You are viewing a single comment's thread from:

RE: Maybe I will launch an SMT - Some random thoughts.

in #smt4 years ago

The main reason i am considering a token is a control thing. I have no control over steem or the steem blockchain. the top 20 witnesses could decide there be no rewards pool on the base chain after smts are launched. Or they could make other changes that dont fit my needs lets just say. One of the reasons I am attracted to steem is the lack of control of even a contacts list when using other platforms. Because I don't know where steem as a token is heading ( like the rest of us) I feel that loss of control slipping back in. And I don't mean where its heading value-wise.

You don't really have control over an SMT, either. Or at least, no more or no less than you do over STEEM, in that sense. The top 20 witnesses could decide to change the implementation of SMTs at any time, just as easily (if not more so) as they could STEEM itself. There would probably be even less outcry and pressure not to make radical changes because there is less history and any individual SMT will have far fewer invested holders that matter than STEEM.

Look at the configuration wizard for SMTs that recently got circulated.
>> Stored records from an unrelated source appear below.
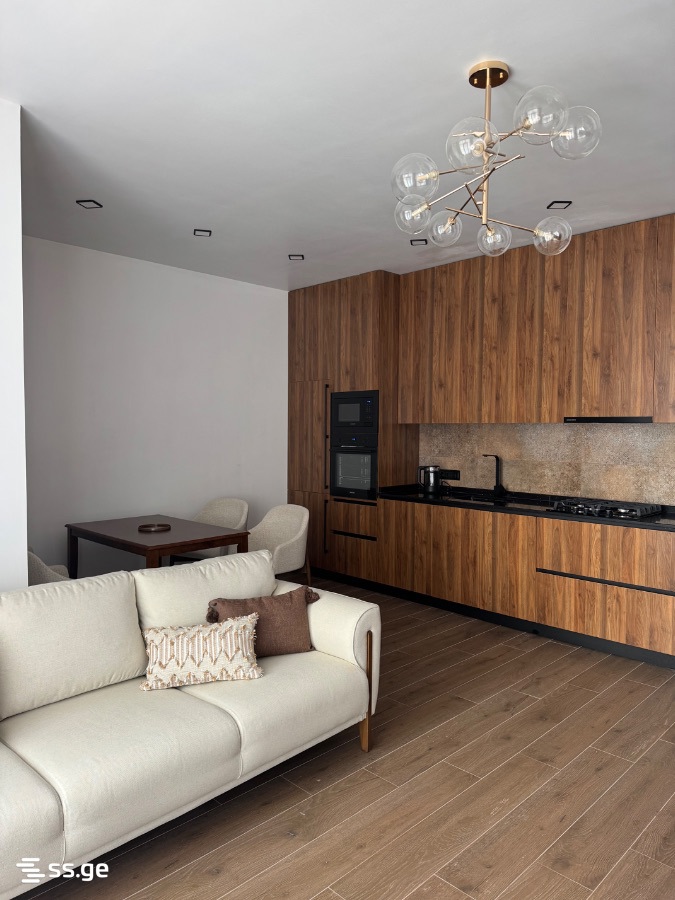 Angis st. 8 - 3 rooms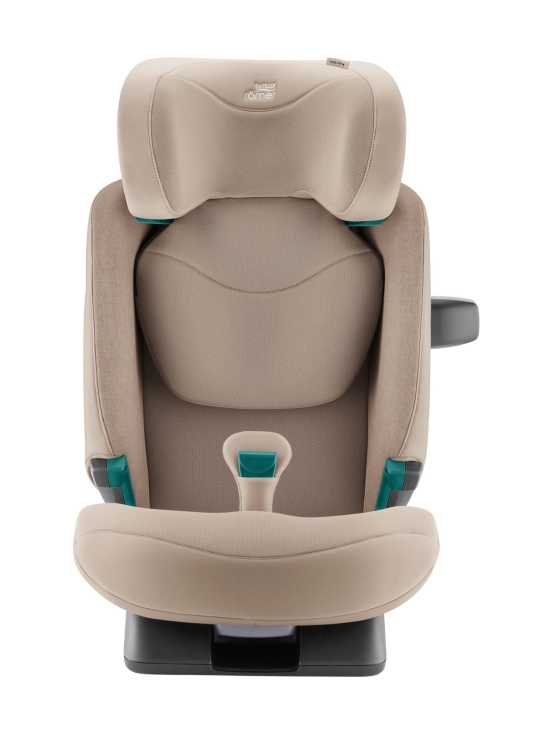 Britax - Britax Safefix turvavyöistuin (100-150cm) - CLASSIC DEEP GREY | Stockmann - photo 5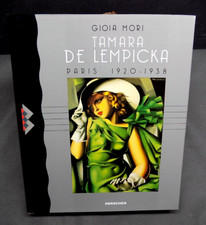 TAMARA LEMPICKA Paris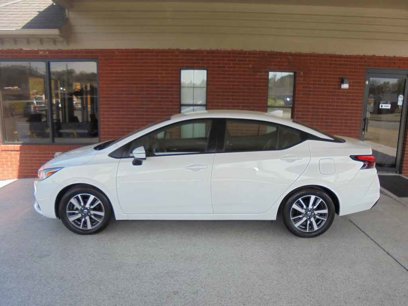 Used 2020 Nissan Versa SV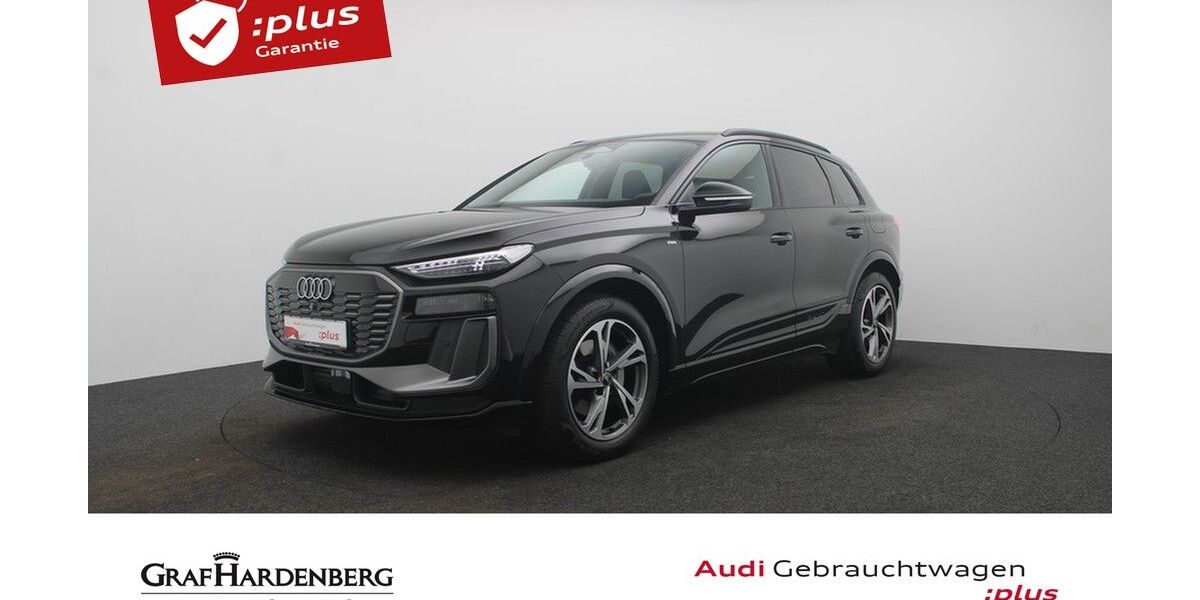 Audi Q6 e-tron 1.100 km 84.580 &euro; Karlsruhe 76131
Look at the only things that you can really adjust, and recognize that after the token is created there don't appear to be mechanisms to make further changes to it because, just like STEEM, that would require a "hard fork" of the underlying database, which is the Steem blockchain. Could SMTs theoretically be adjustable after set up? Sure, but so could STEEM. Is it going to happen? Probably about the same time that I am tall and get into basketball.

SMTs are being sold as a thing that will give you greater control, but they don't. They are vulnerable to the entire suite of issues that the rest of the Steem blockchain are vulnerable to, except more so because there are fewer (by definition) holders of any individual token, and thus fewer people who have to agree for any significant changes to occur.

Value is what someone makes of it. Although steem aint worth a lot, if it is use to claim a discount on a course with me 20 steem ( or as I call them to the non steem users, 20 tokens) will get you 50% off any of my courses. Whats 20 steem worth now...like less than $3. My lowest value course is €56. My highest I think is €249. I like to think I am offering value.

Value is entirely defined by what you can sell something for.

I think you are old enough, even not being from the US, to understand the following discussion. Folks who did not live through the 80s, you might want to read a book. Maybe watch a movie, sometime.

There was a type of business that made a huge amount of money in the 80s and was, ultimately, very heavily invested into tokens.

The arcade videogame industry.

For a while, every single arcade had their own, custom designed token if they could even remotely afford it. They certainly used tokens heavily even if they didn't have their own custom design. While the tokens from some have become collectible items in and of themselves, they were never intended to be more than ephemeral. Nevertheless, they represented a trade economy more like a currency than almost any cryptocommodity today.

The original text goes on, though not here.